The task: Of the lines in the material below, print only those from the one containing "Used 2018 Ford" to the one containing "Neu VW Passat", ends included, exactly as written and without pictures.

[Extracted information — start]

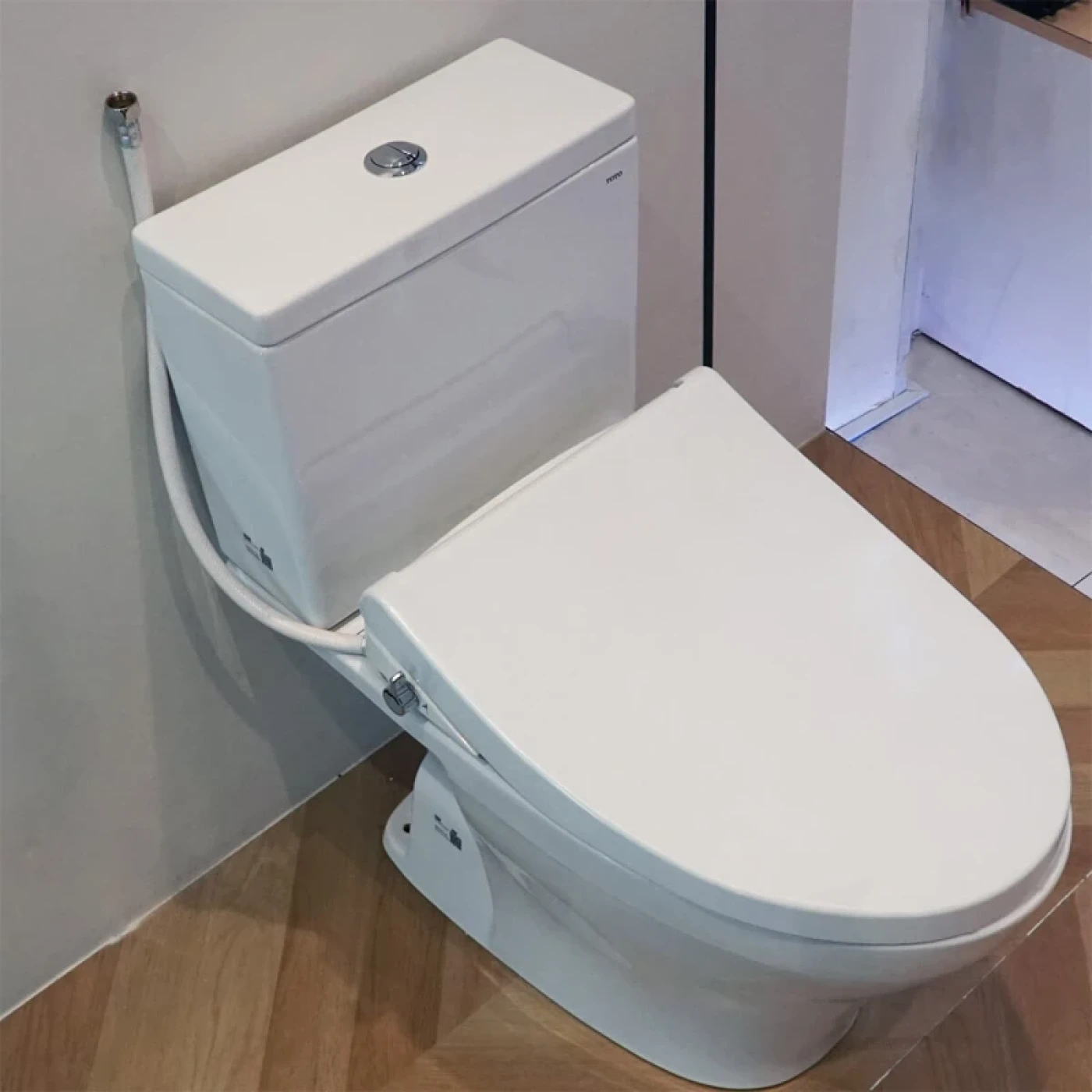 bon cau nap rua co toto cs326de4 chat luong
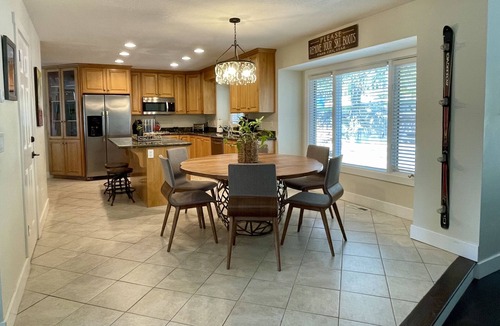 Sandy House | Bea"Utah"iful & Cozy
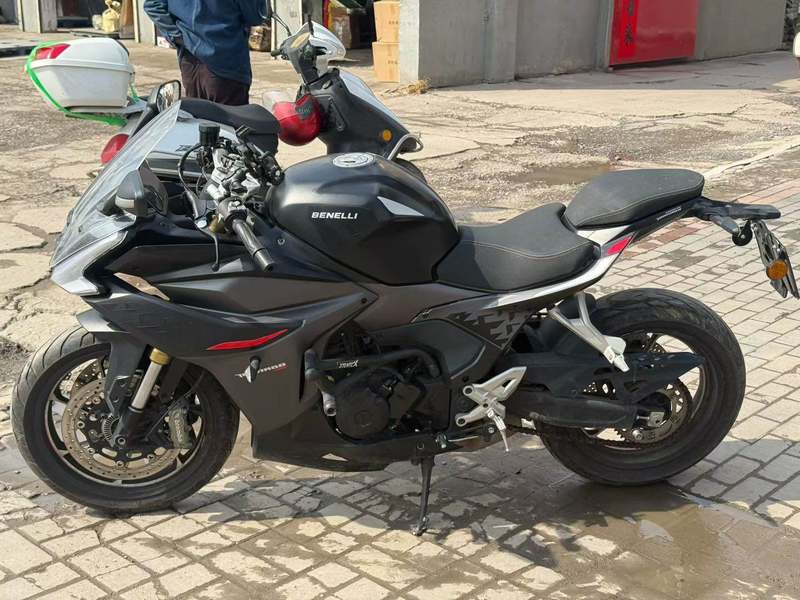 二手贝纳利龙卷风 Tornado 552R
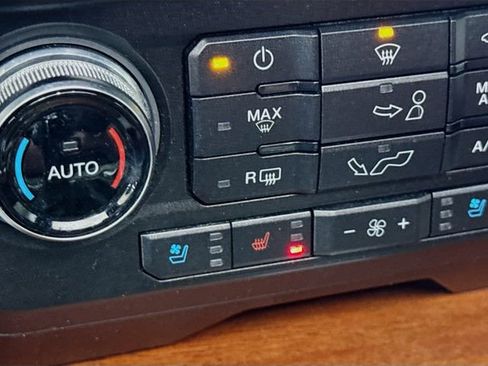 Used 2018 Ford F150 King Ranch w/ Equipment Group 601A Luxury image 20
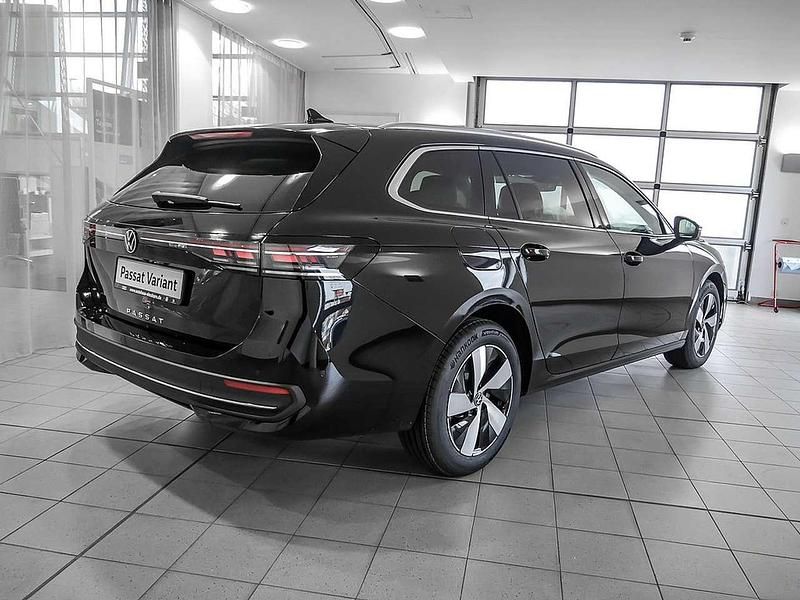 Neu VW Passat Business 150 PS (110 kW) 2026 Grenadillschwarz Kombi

[Extracted information — finish]
[Extracted information — start]

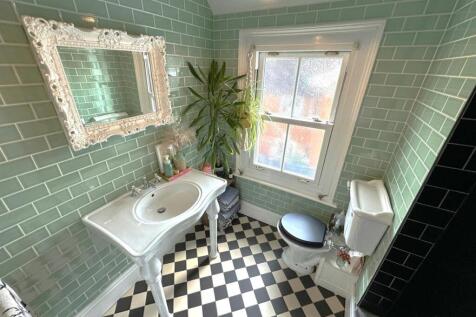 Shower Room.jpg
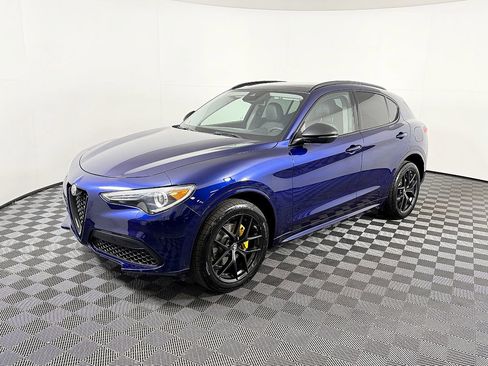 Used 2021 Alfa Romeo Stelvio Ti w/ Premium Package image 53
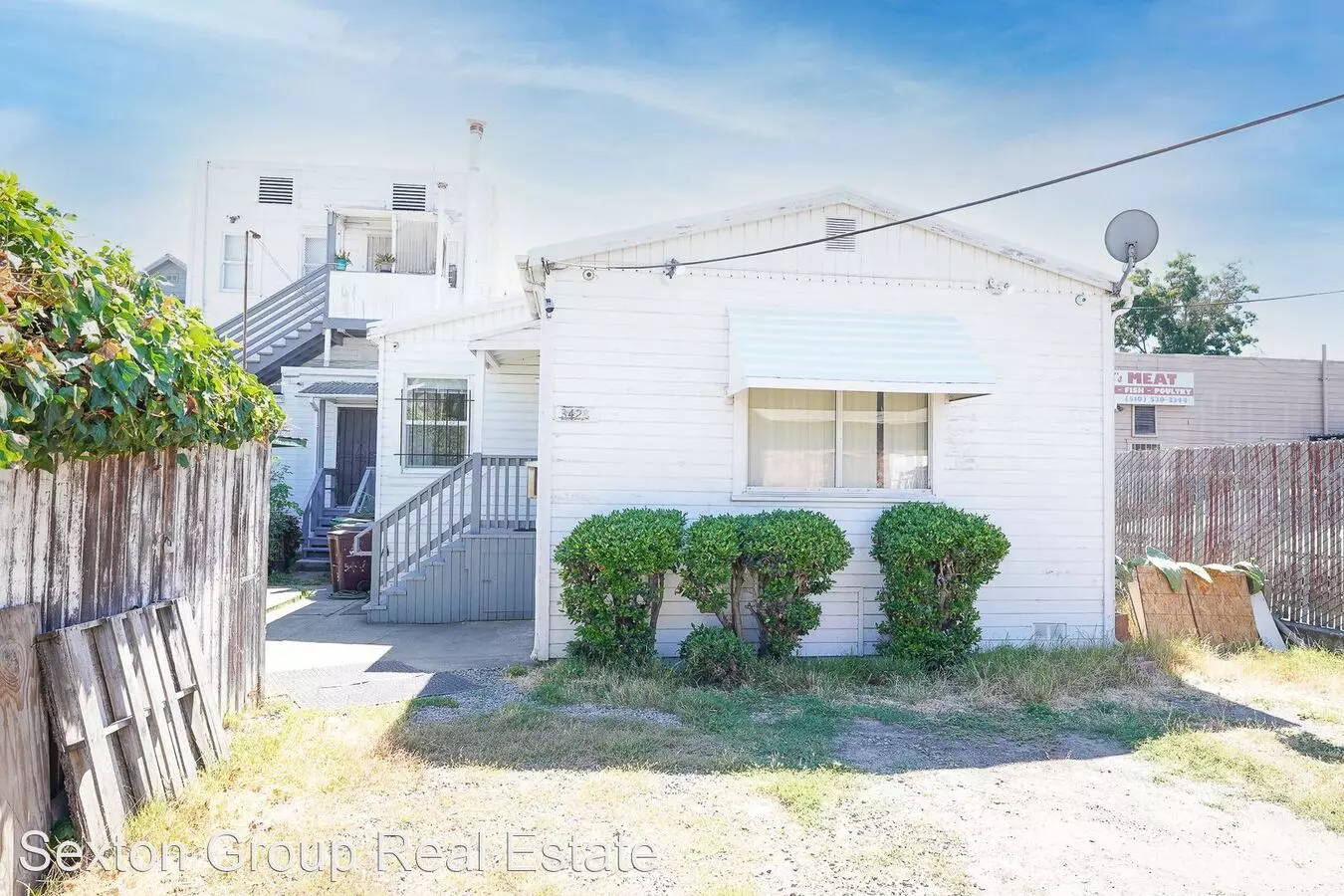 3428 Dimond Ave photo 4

[Extracted information — finish]

Output below:
 Used 2018 Ford F150 King Ranch w/ Equipment Group 601A Luxury image 20
 Neu VW Passat Business 150 PS (110 kW) 2026 Grenadillschwarz Kombi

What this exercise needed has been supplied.